Le 10 septembre 2007, R., un retraité, décide d'aller faire une promenade près de chez lui. Tragiquement, il ne revient jamais et on ne peut le retrouver. À compter de sa disparition, R. devient un absent au sens de l'article 84 du Code civil du Québec (C.C.Q.) et T., son ancienne conjointe de fait, sa légataire universelle et la liquidatrice de sa succession, est nommée tutrice à R. La présomption de vie établie à l'article 85 C.C.Q. oblige l'ancienne employeuse de R. à continuer de lui verser des prestations de retraite malgré sa disparition, car les modalités de son régime de retraite prévoient le versement de prestations jusqu'à son décès. Presque six ans après la disparition de R., ses restes sont découverts. Le décès a été consigné à l'acte de décès comme étant survenu le lendemain de sa disparition. L'ancienne employeuse de R. demande alors le remboursement du montant des prestations versées à R. entre le jour de sa disparition et la date du dernier versement.
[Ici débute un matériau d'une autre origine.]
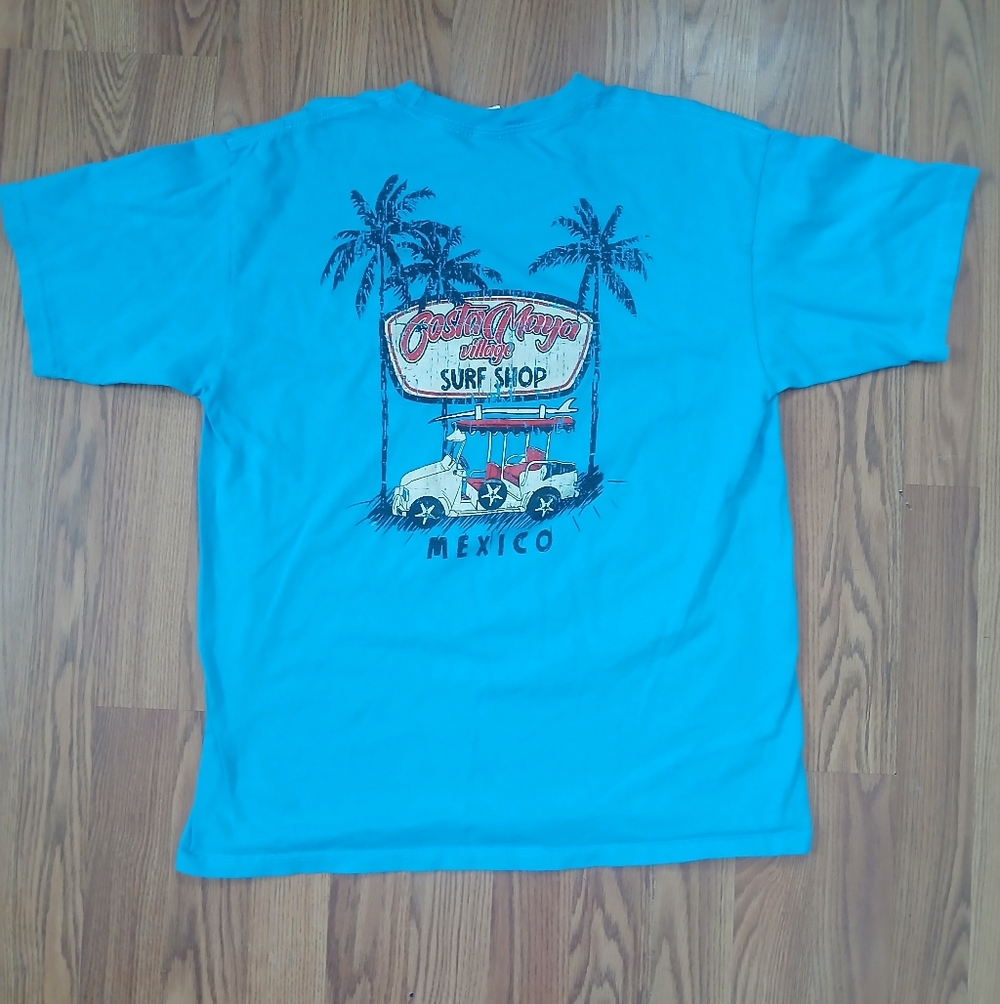 Costa Maya Surf Shop T-Shirt Mens Large Blue Mexico Graphic Tee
Le juge de première instance statue que les paiements faits après la date consignée de décès doivent être considérés comme indus — car les trois conditions auxquelles il doit être satisfait pour établir le bien-fondé d'une demande en réception de l'indu sont réunies — et peuvent faire l'objet de restitution. La Cour d'appel confirme pour l'essentiel la décision du juge de première instance.

Décision

M. le juge en chef Wagner et M. le juge Gascon, à l'opinion desquels souscrivent les juges Abella, Karakatsanis, Rowe et Martin: Le régime de retraite prévoit sans équivoque la cessation du versement des prestations à la date du décès réel de R., et non à la date à laquelle son décès est officiellement reconnu. Devant le sens clair du libellé du régime, R. n'avait pas droit à des prestations après le mois de son décès. La réfutation de la présomption de vie a fait disparaître rétroactivement le droit de R. aux prestations de retraite versées alors qu'il avait la qualité d'absent. Puisque le fondement juridique des paiements a disparu, la demande de l'ancienne employeuse de R. pour la restitution de l'indu en application de l'article 1491 C.C.Q. doit être accueillie: suivant une appréciation rétrospective, les paiements ont été faits par erreur et en l'absence de dette.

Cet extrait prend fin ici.